Excuse the crass headline, but William Shatner posed the question to us a couple days ago. To him, and possibly to you, it’s the biggest mystery in the universe. So, to appease his notorious temper, here’s a quick-and-dirty answer.

by Michael Byrne
Feb 16 2012, 8:10pm
Image: Wikipedia

Excuse the crass headline, but William Shatner posed the question to us a couple days ago. To him, and possibly to you, it's the biggest mystery in the universe. So, to appease his notorious temper, here's a quick-and-dirty answer.

Dark matter is usually explained either by what it is or what it does. Both are pretty interesting. What it is is matter that doesn't feel the same forces that normal matter does. Specifically, that means electromagnetic forces. So, light, electricity, magnetism, and most of the stuff that makes normal matter "normal" and within the normal world of experience. Thus, it's matter that can sail through just about anything and not interact with it.

This is why we look for dark matter deep underground with detectors placed in old mines and the like. Dark matter will cruise through the Earth's crust unimpeded, while everything that might interfere with the search gets filtered out by the ground. One place we look for dark matter is in Antarctica, at a project called IceCube. IceCube is a kilometer-square block of stunningly pure ice that acts as a natural observatory for dark matter (or, rather its probable by-products; we still can't actually see it).

If dark matter doesn't actually interact with anything, what's the big deal? Well, it still has mass, and acts gravitationally. It therefore has huge effects at a larger scale within the universe. Dark matter is actually about 83 percent of matter in the universe, and acts as a force that holds galaxies and galaxy clusters together. Without dark matter, we wouldn't be here.

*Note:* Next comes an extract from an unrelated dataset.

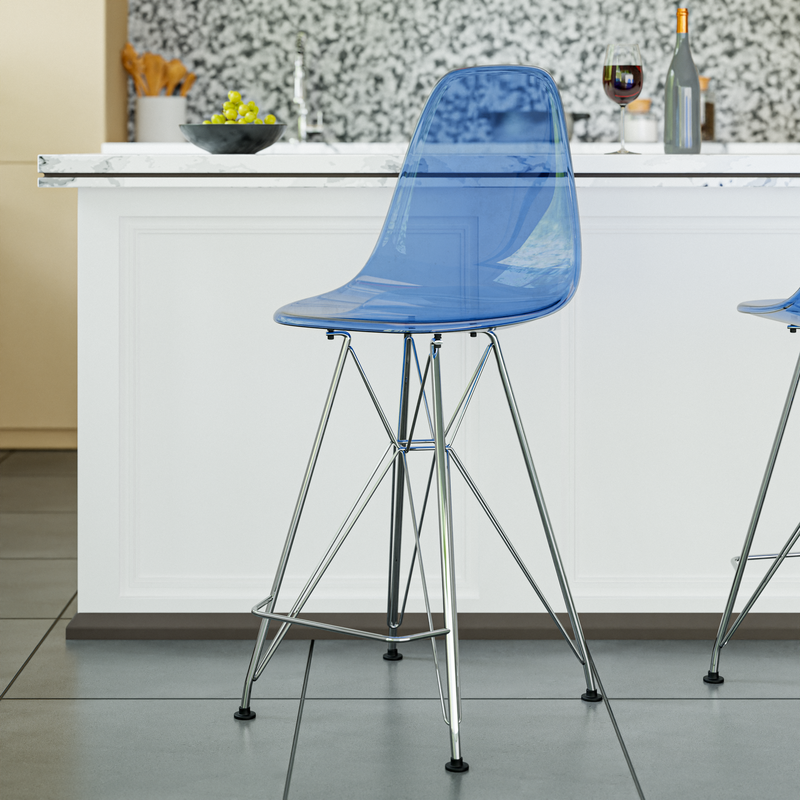 LeisureMod Cresco Modern Acrylic Barstool with Chrome Base and Footrest in Transparent Blue Close View.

In 1933, Fritz Zwicky postulated its existence to explain the movements of galaxies. They were behaving as if they had missing mass; some source of gravity from something unseen was helping them out. We've since confirmed it again and again by looking at the rotational speeds of galaxies and using gravitational lensing, observing how gravity "distorts" light on its way to Earth. As of last month, we even have a pretty good map of dark matter in the universe (within about 6 billion light years of Earth, at least).

Now, if you think dark matter is weird, it's still got little on dark energy. Dark energy accounts of 73 percent of everything in the universe, including energy and the energy "within" matter (the energy potential of matter, since they're the same thing). It's even weirder. Dark energy is everywhere in extremely tiny amounts. A cubic meter of space has about the energy of one hydrogen atom. That might not seem like much, but at the galactic or universe scale, it adds up to a lot. Dark energy isn't particles or stuff; you can think of it as the energy of empty space.

Vitally, it has negative gravity, and thus pushes the universe outward. And as the universe gets pushed outward and gets bigger, there's more empty space, so, more dark energy. That means that the dark energy-fueled universe expansion will just keep accelerating, which pretty much means that eventually the universe will be stretched so thin that it will be almost completely dark energy in a field of infinite plainness. As you might expect, many scientists agree that dark energy is the most exciting concept being explored in physics right now.

One important thing to note: everything that is actually "light" in the universe, like us and all of the stuff we can see out there only makes up about five-percent of everything. We're in the vast minority here, which is pretty absurd when you think about it. Imagine if you left your home city just to find everyone else on the planet not only didn't speak your language, but acted like you didn't exist. You would be a ghost. Maybe we already are all ghosts. How's that for a mystery, Shatner?